◆ Task brief ◆
From the entries below, return exactly the lines beginning at the one that contains "Tin tức trong" and ending at the one that contains "Casco GES X-Way", both of them included, and only those lines.

◆ Provided entries ◆
────────────────

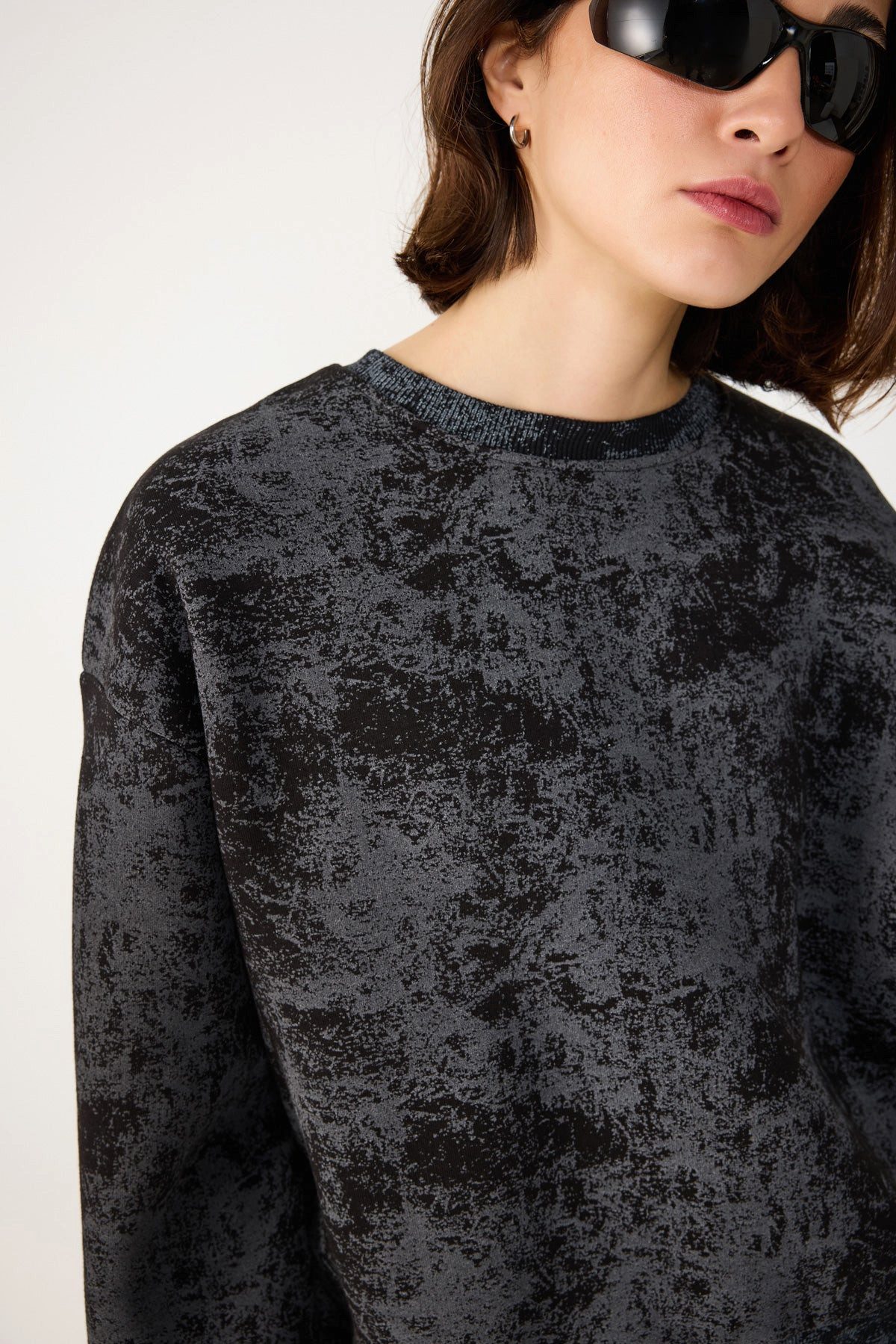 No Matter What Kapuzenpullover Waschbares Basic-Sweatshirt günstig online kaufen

────────────────

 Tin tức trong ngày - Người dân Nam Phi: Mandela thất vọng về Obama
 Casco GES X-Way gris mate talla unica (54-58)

────────────────

◆ Answer box ◆
 Tin tức trong ngày - Người dân Nam Phi: Mandela thất vọng về Obama
 Casco GES X-Way gris mate talla unica (54-58)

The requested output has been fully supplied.